— Given data —
□ □ □ □ □ □ □

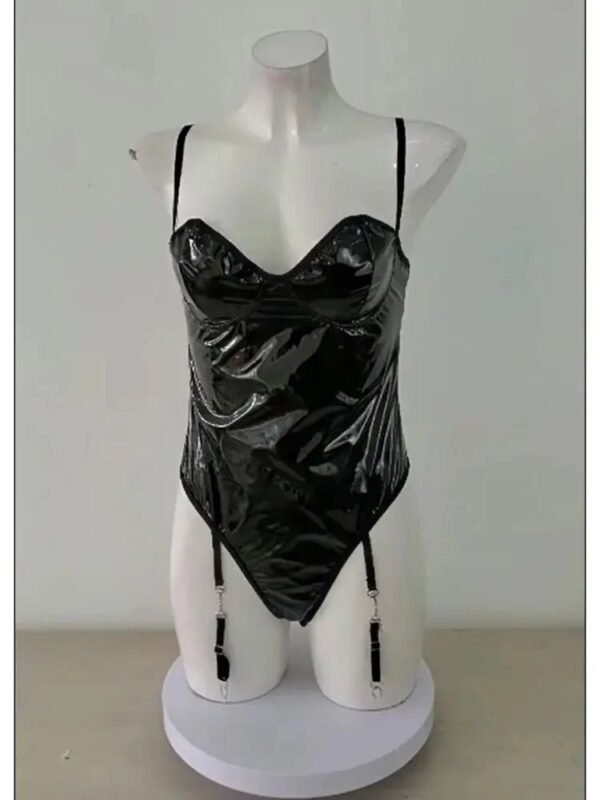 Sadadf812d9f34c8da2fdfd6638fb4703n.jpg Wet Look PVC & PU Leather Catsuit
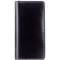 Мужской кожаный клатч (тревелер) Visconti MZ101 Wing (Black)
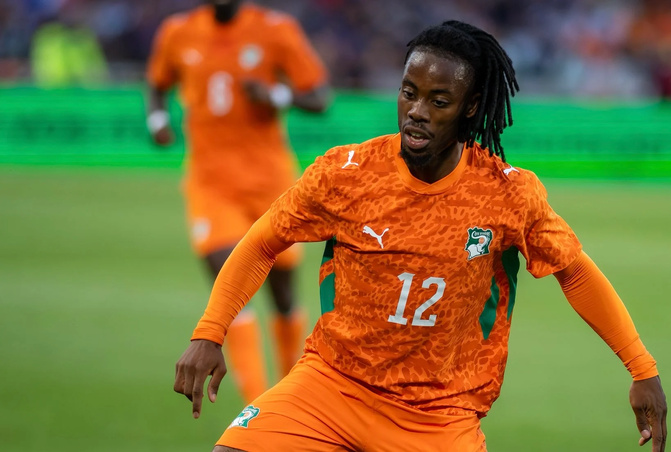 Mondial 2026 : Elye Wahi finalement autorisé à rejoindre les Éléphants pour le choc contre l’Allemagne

□ □ □ □ □ □ □

— What you will do —
Print the full listing above exactly. Pictures stay out of the copy.

— Result of the exercise —
 Sadadf812d9f34c8da2fdfd6638fb4703n.jpg Wet Look PVC & PU Leather Catsuit
 Мужской кожаный клатч (тревелер) Visconti MZ101 Wing (Black)
 Mondial 2026 : Elye Wahi finalement autorisé à rejoindre les Éléphants pour le choc contre l’Allemagne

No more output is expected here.